▶ The task: When you repeat the records, keep every word exact and drop each picture.

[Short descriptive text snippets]
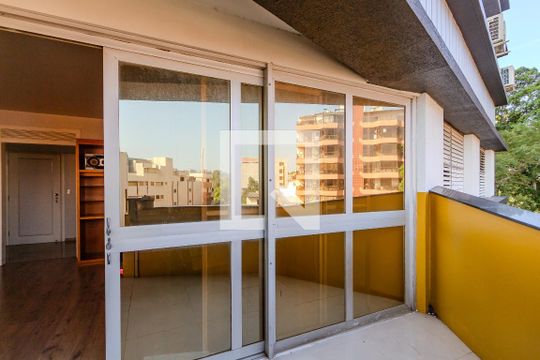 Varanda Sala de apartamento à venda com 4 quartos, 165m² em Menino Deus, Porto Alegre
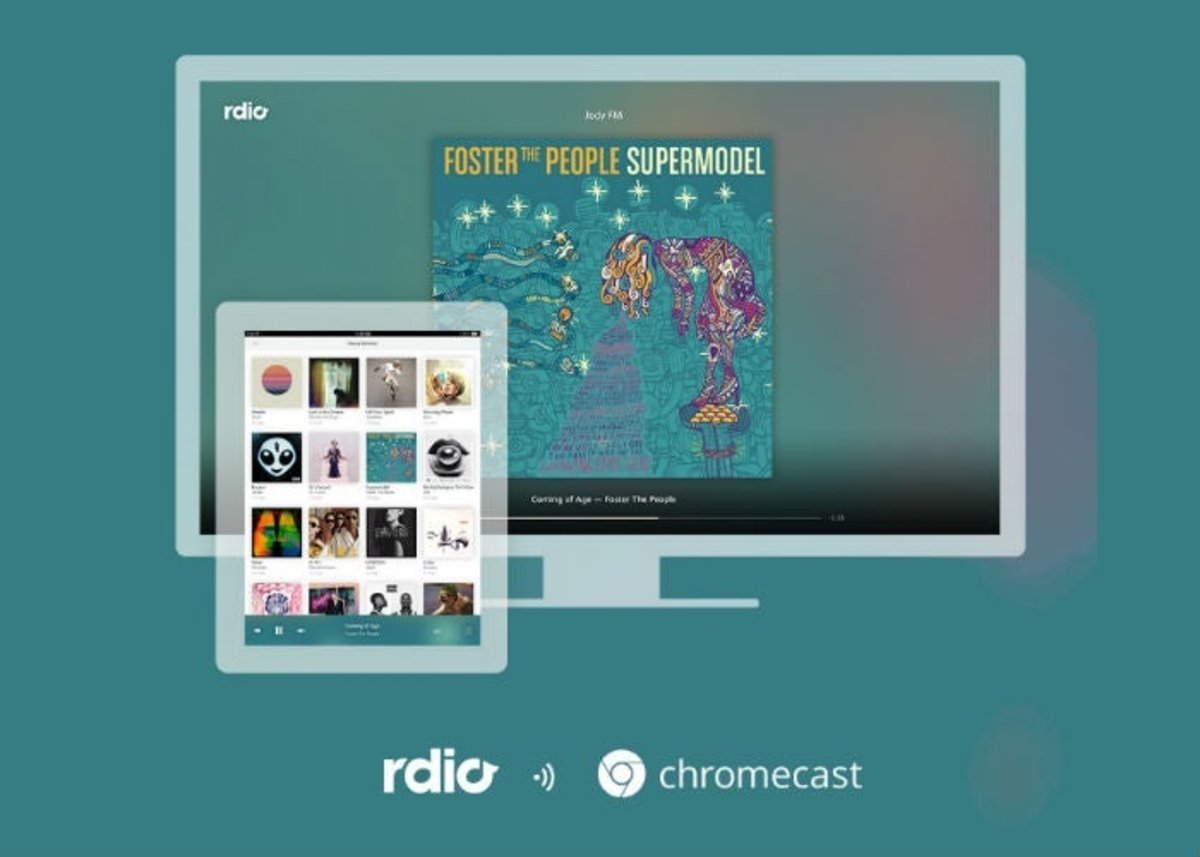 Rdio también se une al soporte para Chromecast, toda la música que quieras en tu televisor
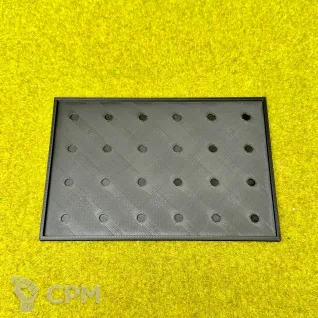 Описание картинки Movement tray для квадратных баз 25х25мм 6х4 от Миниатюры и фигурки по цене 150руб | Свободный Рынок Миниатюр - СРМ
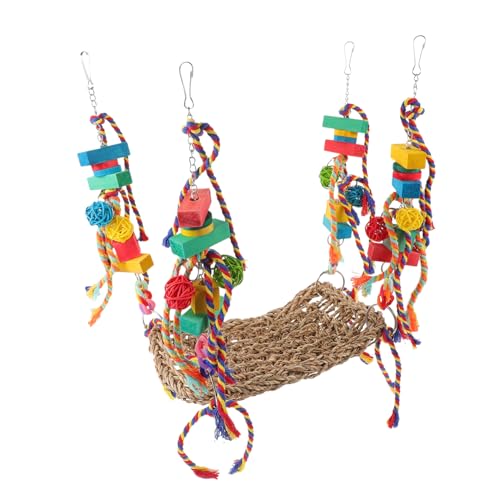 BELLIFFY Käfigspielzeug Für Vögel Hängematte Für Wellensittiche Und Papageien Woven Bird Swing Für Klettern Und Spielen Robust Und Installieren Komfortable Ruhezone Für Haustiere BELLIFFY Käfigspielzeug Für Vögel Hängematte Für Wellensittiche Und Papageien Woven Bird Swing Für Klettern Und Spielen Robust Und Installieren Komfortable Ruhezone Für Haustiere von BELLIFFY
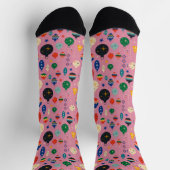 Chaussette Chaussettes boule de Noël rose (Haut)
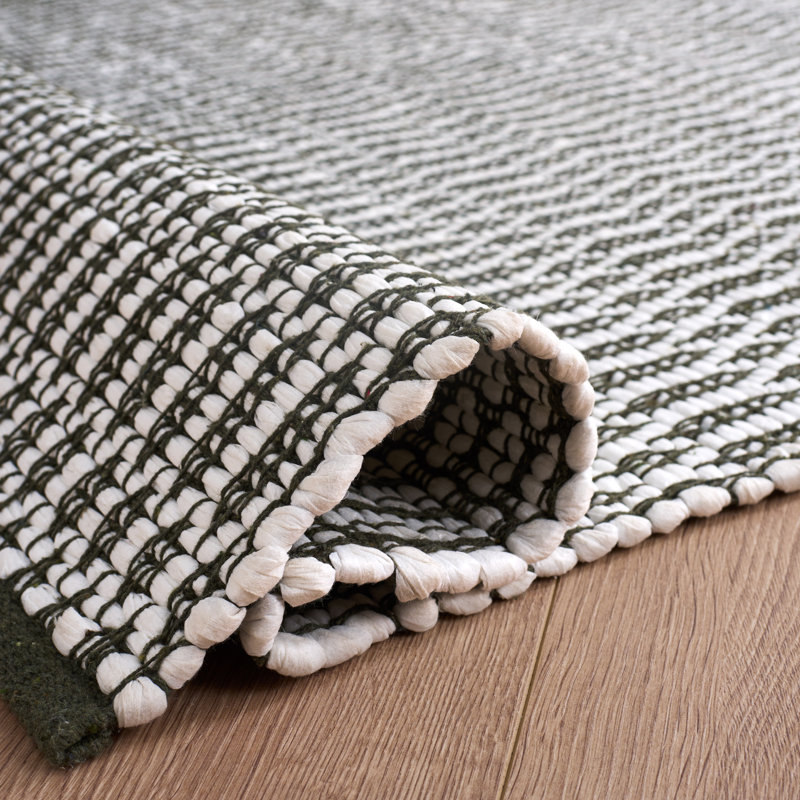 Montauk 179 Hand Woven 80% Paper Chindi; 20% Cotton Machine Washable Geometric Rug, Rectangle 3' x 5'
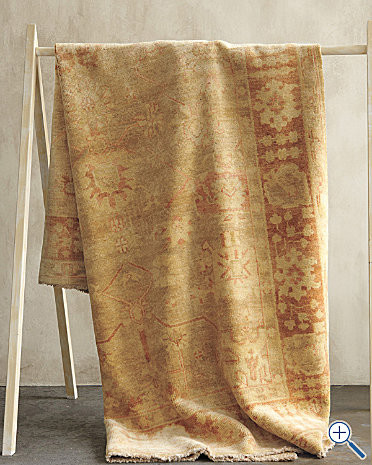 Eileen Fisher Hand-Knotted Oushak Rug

▶ Answer section:
 Varanda Sala de apartamento à venda com 4 quartos, 165m² em Menino Deus, Porto Alegre
 Rdio también se une al soporte para Chromecast, toda la música que quieras en tu televisor
 Описание картинки Movement tray для квадратных баз 25х25мм 6х4 от Миниатюры и фигурки по цене 150руб | Свободный Рынок Миниатюр - СРМ
 BELLIFFY Käfigspielzeug Für Vögel Hängematte Für Wellensittiche Und Papageien Woven Bird Swing Für Klettern Und Spielen Robust Und Installieren Komfortable Ruhezone Für Haustiere BELLIFFY Käfigspielzeug Für Vögel Hängematte Für Wellensittiche Und Papageien Woven Bird Swing Für Klettern Und Spielen Robust Und Installieren Komfortable Ruhezone Für Haustiere von BELLIFFY
 Chaussette Chaussettes boule de Noël rose (Haut)
 Montauk 179 Hand Woven 80% Paper Chindi; 20% Cotton Machine Washable Geometric Rug, Rectangle 3' x 5'
 Eileen Fisher Hand-Knotted Oushak Rug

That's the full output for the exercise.